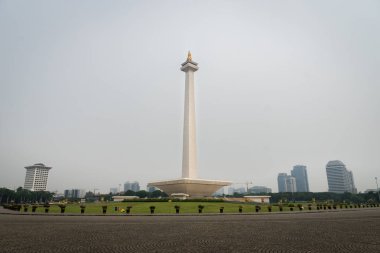 Jakarta, Endonezya - Kasım 2017: Monas görünümü, Merkezi Jakarta bir bulutlu sis günde, Endonezya Ulusal Anıtı.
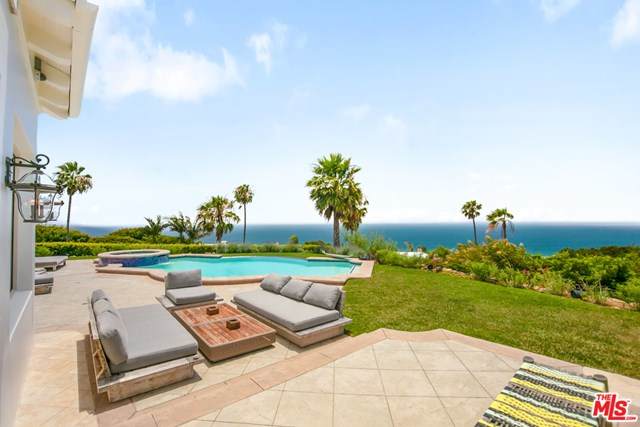 5618 Sea View Drive - Photo 1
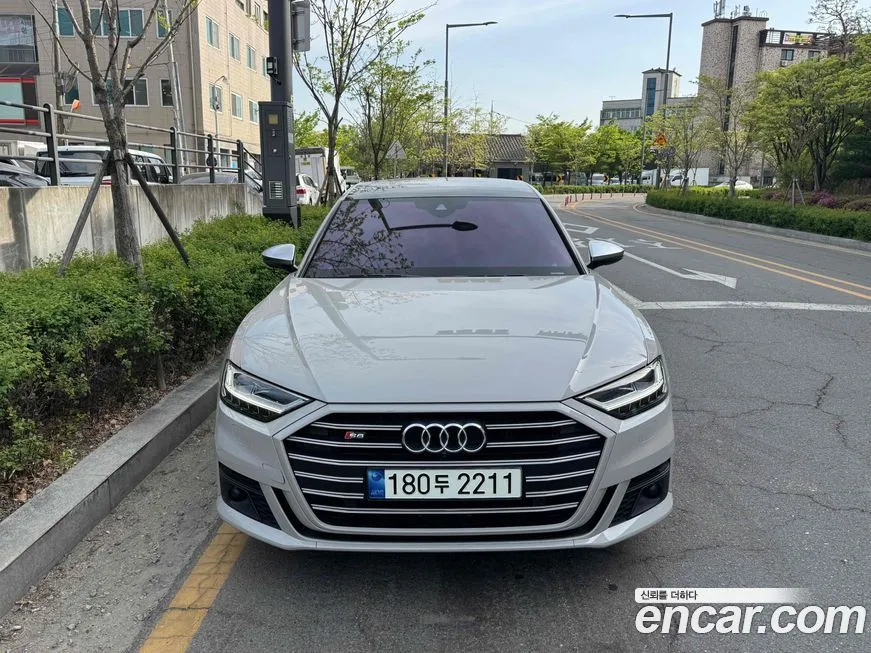 Audi S8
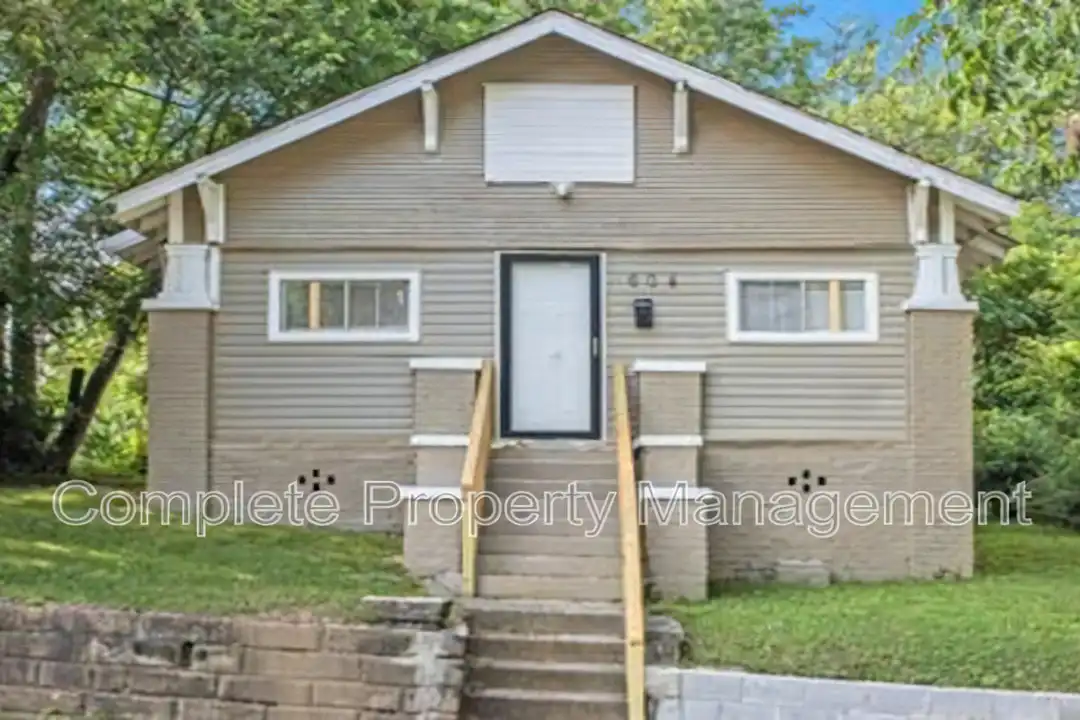 604 5th Way – photo 1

# # # #

Would you return the material above exactly, apart from its pictures?

Exercise answer -
 Jakarta, Endonezya - Kasım 2017: Monas görünümü, Merkezi Jakarta bir bulutlu sis günde, Endonezya Ulusal Anıtı.
 5618 Sea View Drive - Photo 1
 Audi S8
 604 5th Way – photo 1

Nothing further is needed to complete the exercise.